Information |
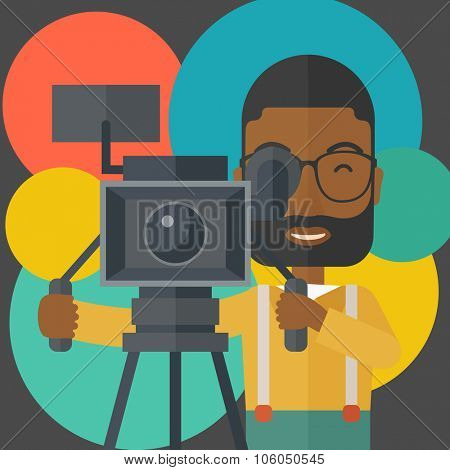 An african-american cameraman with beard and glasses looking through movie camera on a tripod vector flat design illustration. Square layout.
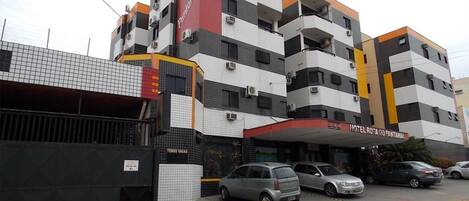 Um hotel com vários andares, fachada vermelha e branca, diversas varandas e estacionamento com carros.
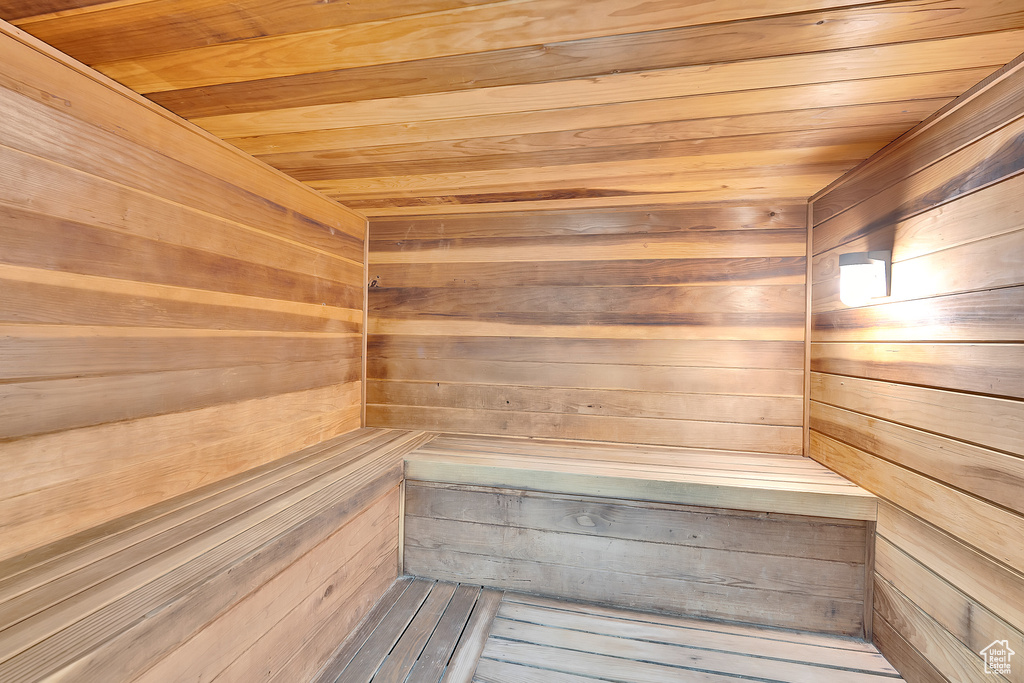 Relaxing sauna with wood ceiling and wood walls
---
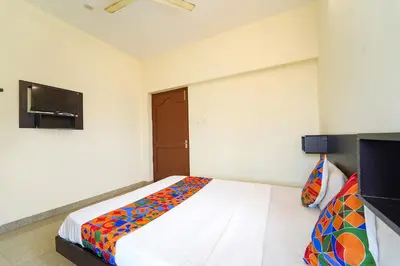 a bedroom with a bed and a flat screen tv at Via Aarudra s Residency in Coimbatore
...
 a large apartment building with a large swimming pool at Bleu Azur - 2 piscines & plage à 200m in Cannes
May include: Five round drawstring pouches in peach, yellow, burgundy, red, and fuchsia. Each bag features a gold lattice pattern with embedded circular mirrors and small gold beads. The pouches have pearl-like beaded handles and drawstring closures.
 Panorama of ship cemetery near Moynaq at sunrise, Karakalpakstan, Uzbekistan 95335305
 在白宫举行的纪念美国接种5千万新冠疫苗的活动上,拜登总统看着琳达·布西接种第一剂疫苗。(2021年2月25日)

Exercise instructions |
Give the lines above again exactly, from the one containing "Um hotel com" to the one containing "Relaxing sauna with", both included, but leave out the pictures.

Written solution |
 Um hotel com vários andares, fachada vermelha e branca, diversas varandas e estacionamento com carros.
 Relaxing sauna with wood ceiling and wood walls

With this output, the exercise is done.